New to C# here, but I've used Java for years. I tried googling this and got a couple of answers that were not quite what I need. I'd like to grab the (X)HTML from a website and then use DOM (actually, CSS selectors are preferable, but whatever works) to grab a particular element. How exactly is this done in C#?
7 Answers
// prepare the web page we will be asking for HttpWebRequest request = (HttpWebRequest) WebRequest.Create("http://www.stackoverflow.com"); // execute the request HttpWebResponse response = (HttpWebResponse)request.GetResponse(); // we will read data via the response stream Stream resStream = response.GetResponseStream(); string tempString = null; int count = 0; do { // fill the buffer with data count = resStream.Read(buf, 0, buf.Length); // make sure we read some data if (count != 0) { // translate from bytes to ASCII text tempString = Encoding.ASCII.GetString(buf, 0, count); // continue building the string sb.Append(tempString); } } while (count > 0); // any more data to read?
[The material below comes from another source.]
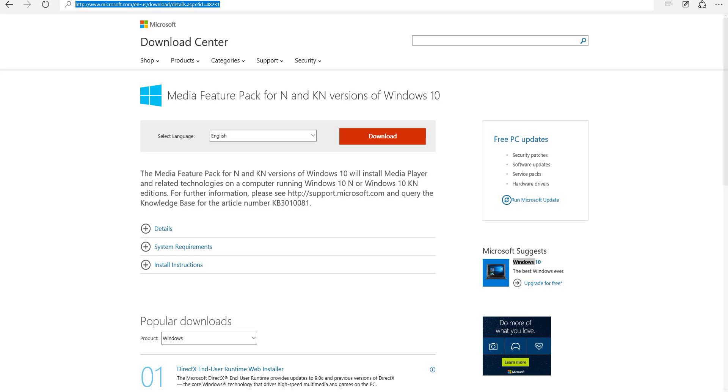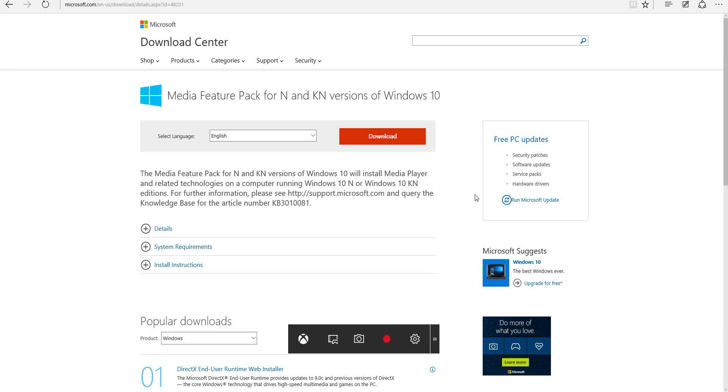I ran into this problem when I installed Windows 10 and I tried to pull it up by simply pressing the Windows plus G key, which as you can see down here, it comes up in this game bar.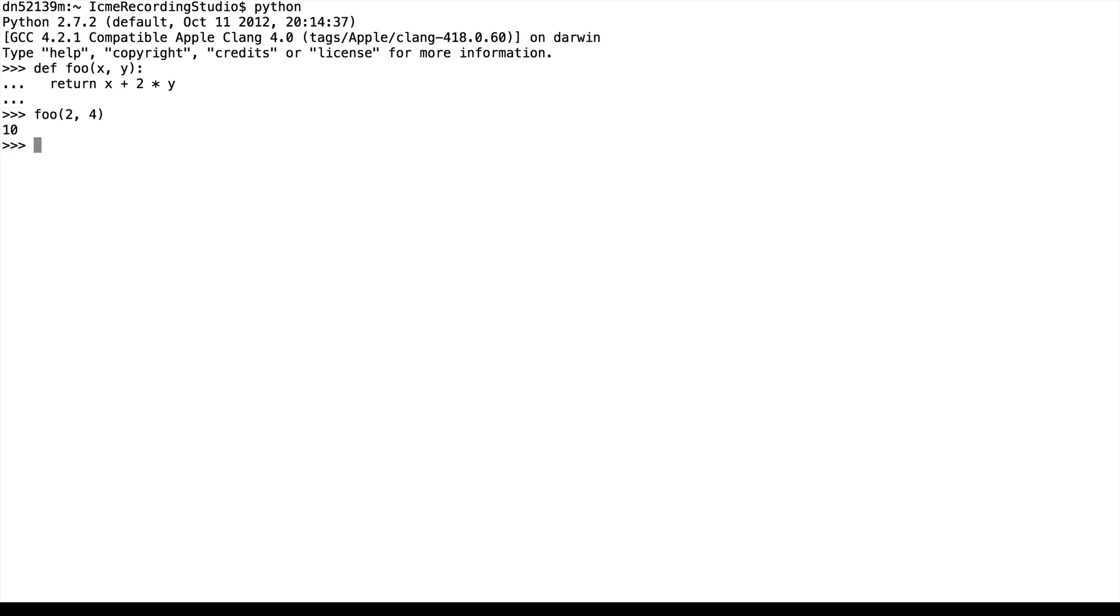We can also provide default argument values to our functions. So say that we wanted y to be 2 by default, but still allow the user to call foo with two parameters. So we'll say def foo x comma y equals 2.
Then use Xquery expressions or Regex to grab the element you need
Comments
You could use System.Net.WebClient or System.Net.HttpWebrequest to fetch the page but parsing for the elements is not supported by the classes.
Use HtmlAgilityPack (http://html-agility-pack.net/)
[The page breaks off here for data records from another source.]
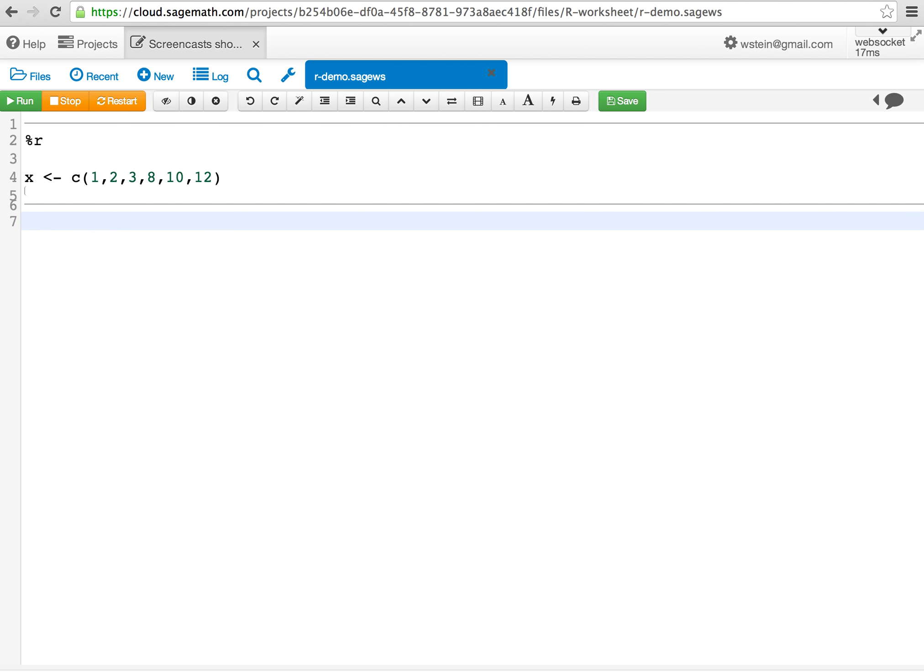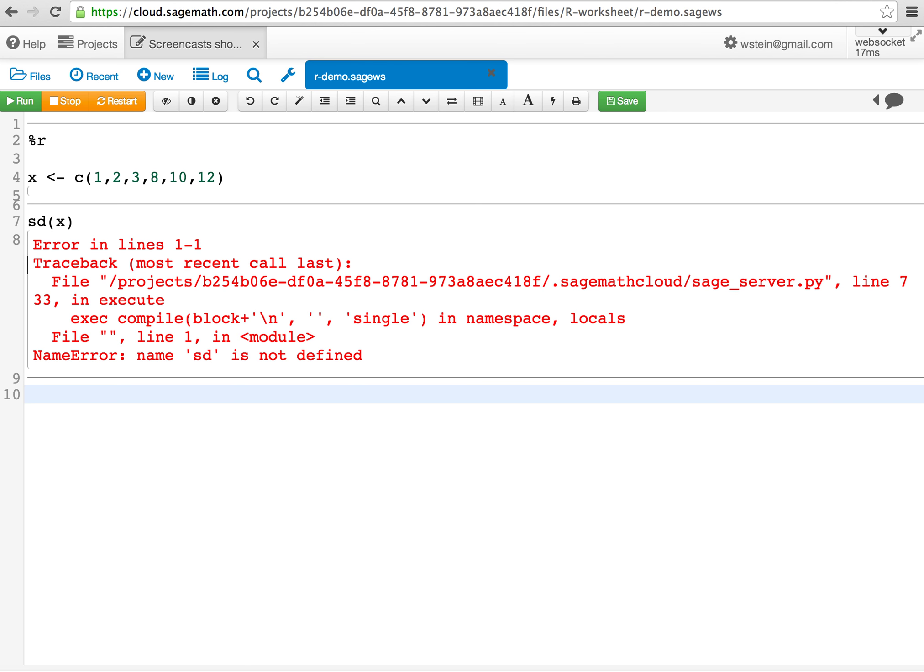However, if I then try to use that data in another cell without typing %r, I will get an error because that's just evaluated by Sage.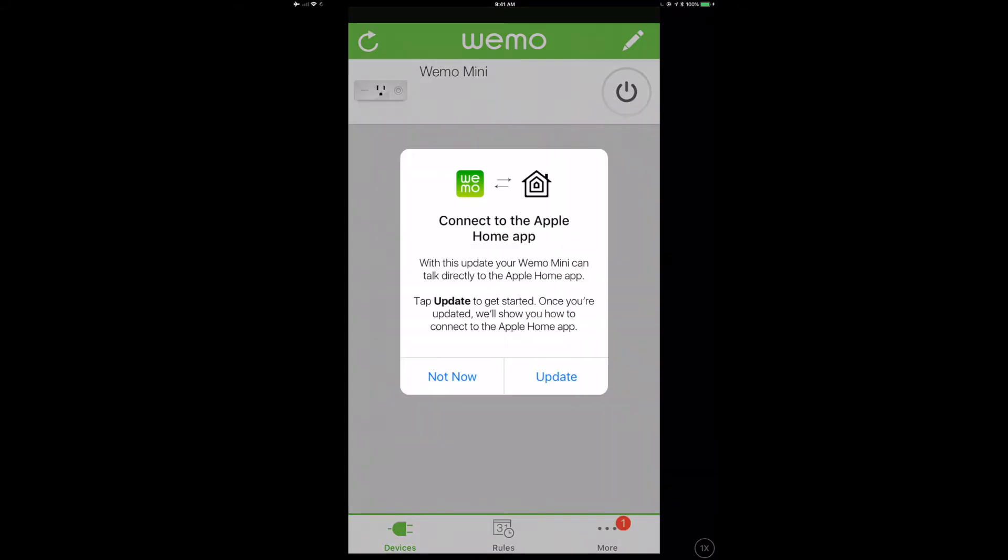The first firmware that completed properly, no problem. So I'm going to do a little video magic come back here and you'll see hey, would you like to connect this to the Apple Home app? Well now I have another update.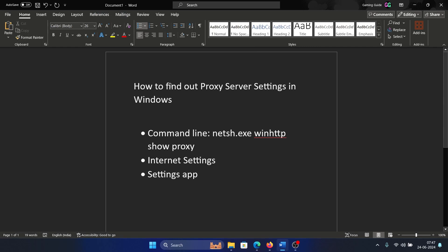Hey friends, a lot of users use proxy settings on their system. If you're using proxy settings or you're not using proxy settings and you wish to find out about that, then please watch this video.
HtmlWeb htmlWeb = new HtmlWeb(); htmlWeb.UseCookies = true; HtmlDocument htmlDocument = htmlWeb.Load(url); // after getting the document node // you can do something like this foreach (HtmlNode item in htmlDocument.DocumentNode.Descendants("input")) { // item mathces your req // take the item. } Comments
I hear you want to use the HtmlAgilityPack for working with HTML files. This will give you Linq access, with is A Good Thing (tm). You can download the file with System.Net.WebClient.
Comments
To get you started, you can fairly easily use HttpWebRequest to get the contents of a URL. From there, you will have to do something to parse out the HTML. That is where it starts to get tricky. You can't use a normal XML parser, because many (most?) web site HTML pages aren't 100% valid XML. Web browsers have specially implemented parsers to work around the invalid portions. In Ruby, I would use something like Nokogiri to parse the HTML, so you might want to look for a .NET port of it, or another parser specificly designed to read HTML.
Edit:
Since the topic is likely to come up: WebClient vs. HttpWebRequest/HttpWebResponse
Also, thanks to the others that answered for noting HtmlAgility. I didn't know it existed.
Comments
Look into using the html agility pack, which is one of the more common libraries for parsing html.